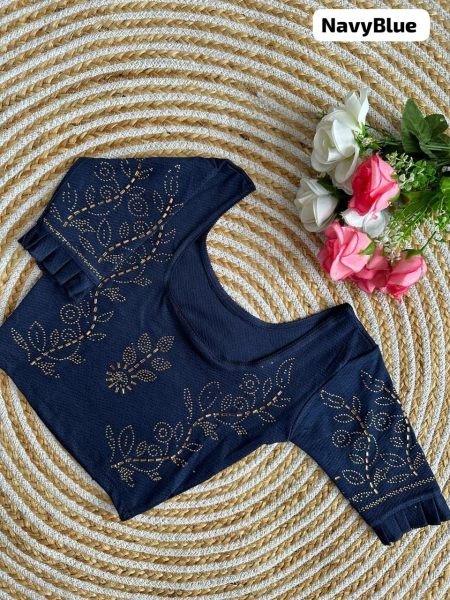 Lycra Stretchable Blouse Blouse Collection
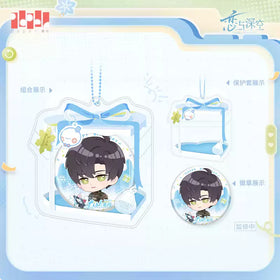 2026 Birthday Zayne Chibi Badge & Protective Case Set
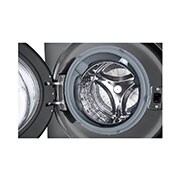 LG WashTower | 12 / 10 kg |1400 ot./min | AI DD™ | TurboWash™360°|Černá/šedá, WT1210BBF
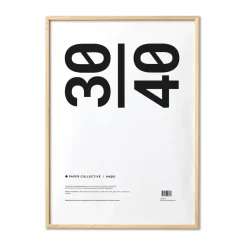 Paper Collective kehys, pleksilasi -ask, 30x40 cm
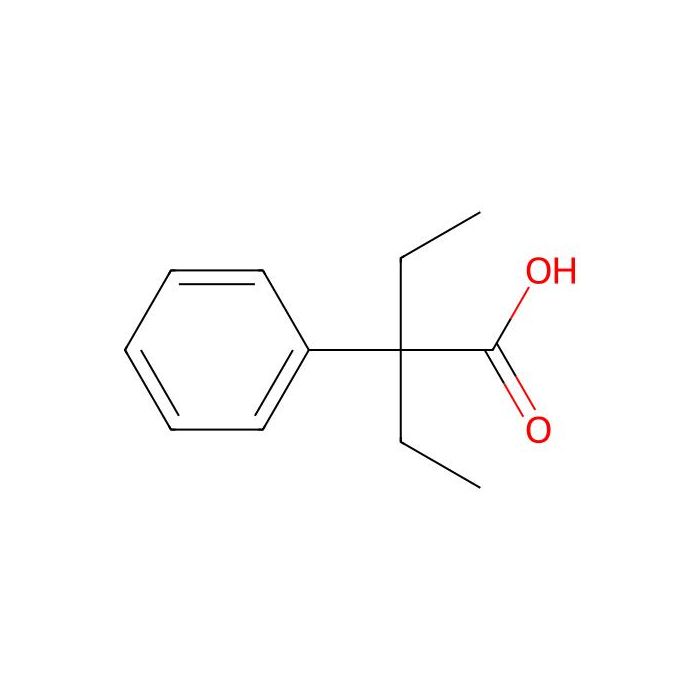 2-Ethyl-2-phenylbutanoic acid - ≥96% CAS No(5465-28-1) by Aladdin Scientific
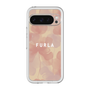 スリムプロテクションプレミアムケース［ FURLA - FLOWER VELATO-01 ］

========================

Task brief:
Retype the data exactly; images stay out.

Answer for the task:
 Lycra Stretchable Blouse Blouse Collection
 2026 Birthday Zayne Chibi Badge & Protective Case Set
 LG WashTower | 12 / 10 kg |1400 ot./min | AI DD™ | TurboWash™360°|Černá/šedá, WT1210BBF
 Paper Collective kehys, pleksilasi -ask, 30x40 cm
 2-Ethyl-2-phenylbutanoic acid - ≥96% CAS No(5465-28-1) by Aladdin Scientific
 スリムプロテクションプレミアムケース［ FURLA - FLOWER VELATO-01 ］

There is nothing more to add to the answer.